JAKARTA – Gitaris Piyu Padi Reborn, yang juga menjabat sebagai ketua umum AKSI (Asosiasi Komposer Seluruh Indonesia), memberikan klarifikasi terkait polemik royalti musik yang ramai diperbincangkan, khususnya terkait pemutaran musik di kafe dan hotel. Ia menegaskan bahwa AKSI tidak memiliki keterkaitan langsung dengan isu tersebut.
Menurut Piyu, urusan royalti di hotel, restoran, dan kafe bukanlah ranah pencipta lagu, melainkan pemilik master rekaman, seperti label musik, produser, atau label indie yang memproduksi lagu tersebut.
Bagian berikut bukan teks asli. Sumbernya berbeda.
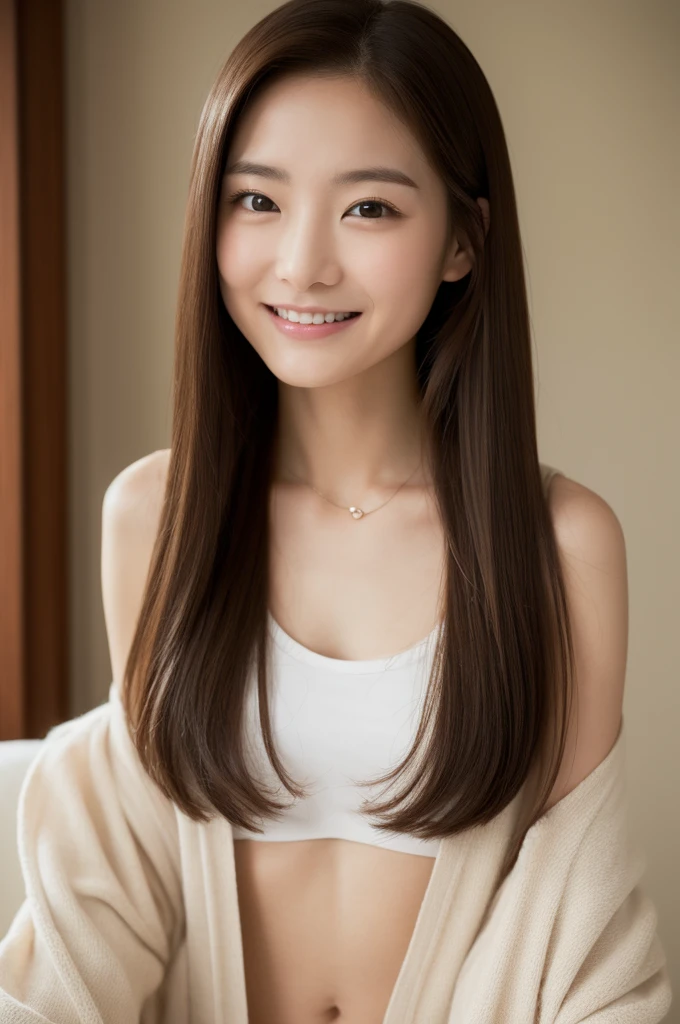 (Highly realistic photos, High resolution, Detailed face, Fine grain), ((Shooting in the room))、Japanese women, 20-year-old, A variety of expressions, alone:1, Slim figure, Round eyes、Various hairstyles, Casual clothing, 写真の中でalone、Selfie、Photographed in natural light、Simple Necklace、Spring Clothes、Looking at the camera、profile、Dark Brown Hair Color、The chest is visible、smile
Produser berhak meminta royalti ketika lagu yang mereka produksi diputar untuk tujuan komersial.
"Sebenarnya kami pencipta lagu tidak perlu dimasukkan di situ, karena tidak ada berkaitan langsung," ujar Piyu.
Piyu menjelaskan bahwa sejak didirikan dua tahun lalu, AKSI fokus pada upaya memperjuangkan hak-hak komposer atas penggunaan lagu dalam acara live, konser, atau pertunjukan. Sementara itu, para produser pemilik master memiliki asosiasi sendiri yang terpisah dari AKSI.
"Pemilik master, mereka bergabung dalam sebuah LMK yang namanya SELMI," imbuhnya.
Apa itu SELMI?
SELMI (Sentra Lisensi Musik Indonesia) adalah Lembaga Manajemen Kolektif (LMK) yang mewakili produser musik dan performer dalam mengelola penarikan remunerasi untuk penyiaran (radio dan televisi) serta komunikasi kepada publik.
Berdasarkan Undang-undang Hak Cipta Nomor 28 tahun 2014, pihak yang berhak menerima remunerasi ini adalah produser rekaman suara dan pelaku pertunjukan. Penarikan remunerasi atas hak terkait ini mencakup penggunaan karya rekaman suara oleh pengguna di tempat komersial.